By order of the Board

JTC (UK) Limited Company Secretary Company number: 04301763

Registered office: The Scalpel, 18th Floor 52 Lime Street London EC3M 7AF

19 December 2019

NOTES

  • (a) Any member of the Company entitled to attend and vote at the Annual General Meeting is also entitled to appoint one or more proxies to attend, speak and vote instead of that member. A member may appoint more than one proxy in relation to the Annual General Meeting provided that each proxy is appointed to exercise the rights attached to a different share or shares held by that member. A proxy may demand, or join in demanding, a poll. A proxy need not be a member of the Company but must attend the Annual General Meeting in order to represent his appointor. A member entitled to attend and vote at the Annual General Meeting may appoint the Chairman or another person as his proxy although the Chairman will not speak for the member. A member who wishes his proxy to speak for him should appoint his own choice of proxy (not the Chairman) and give instructions directly to that person. If you are not a member of the Company but you have been nominated by a member of the Company to enjoy information rights, you do not have a right to appoint any proxies under the procedures set out in these Notes. Please read Note (h) below. Under section 319A of the Act, the Company must answer any question a member asks relating to the business being dealt with at the Annual General Meeting unless:
  • answering the question would interfere unduly with the preparation for the Annual General Meeting or involve the disclosure of confidential information;
  • the answer has already been given on a website in the form of an answer to a question; or
  • it is undesirable in the interests of the Company or the good order of the Annual General Meeting that the question be answered.
  • (b) To be valid, a Form of Proxy and the Power of Attorney or other written authority, if any, under which it is signed or an office or notarially certified copy or a copy certified in accordance with the Powers of Attorney Act 1971 of such power and written authority, must be delivered to the Company's registrars Link Asset Services at PXS 1, 34 Beckenham Road, Beckenham, Kent BR3 4ZF, not less than 48 hours (excluding weekends and public holidays) before the time appointed for holding the Annual General Meeting or adjourned meeting at which the person named in the Form of Proxy proposes to vote.

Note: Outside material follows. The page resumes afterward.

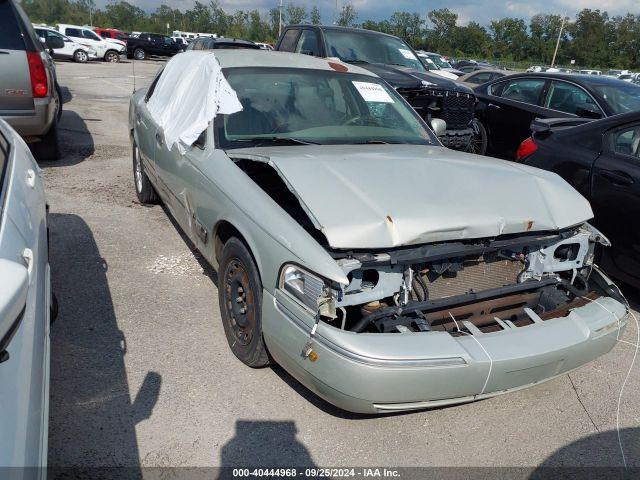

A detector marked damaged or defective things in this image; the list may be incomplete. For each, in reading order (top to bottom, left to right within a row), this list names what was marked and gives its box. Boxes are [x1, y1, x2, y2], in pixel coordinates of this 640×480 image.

In the case of a poll taken more than 48 hours (excluding weekends and public holidays) after it is demanded, the document(s) must be delivered as aforesaid not less than 24 hours (excluding weekends and public holidays) before the time appointed for taking the poll, or where the poll is taken not more than 48 hours (excluding weekends and public holidays) after it was demanded, be delivered at the meeting at which the demand is made.
  • In order to revoke a proxy instruction a member will need to inform the Company by sending a signed hard copy notice clearly stating the intention to revoke the proxy appointment to the Company's registrars, Link Asset Services, PXS 1, 34 Beckenham Road, Beckenham, Kent BR3 4ZF. In the case of a member which is a company, the revocation notice must be executed under its common seal or signed on its behalf by an officer of the company or an attorney for the company. Any power of attorney or any other authority under which the revocation notice is signed (or a duly certified copy of such power or authority) must be included with the revocation notice.

The revocation notice must be received by 012:00pm on 13 March 2020, 48 hours (excluding weekends and bank holidays) before the Annual General Meeting or the holding of a poll subsequently thereto. If a member attempts to revoke his or her proxy appointment but the revocation is received after the time specified then, subject to Note (d) directly below, the proxy appointment will remain valid.

(c) Completion and return of a Form of Proxy will not preclude a member of the Company from attending and voting in person. If a member appoints a proxy and that member attends the Annual General Meeting in person, the proxy appointment will automatically be terminated.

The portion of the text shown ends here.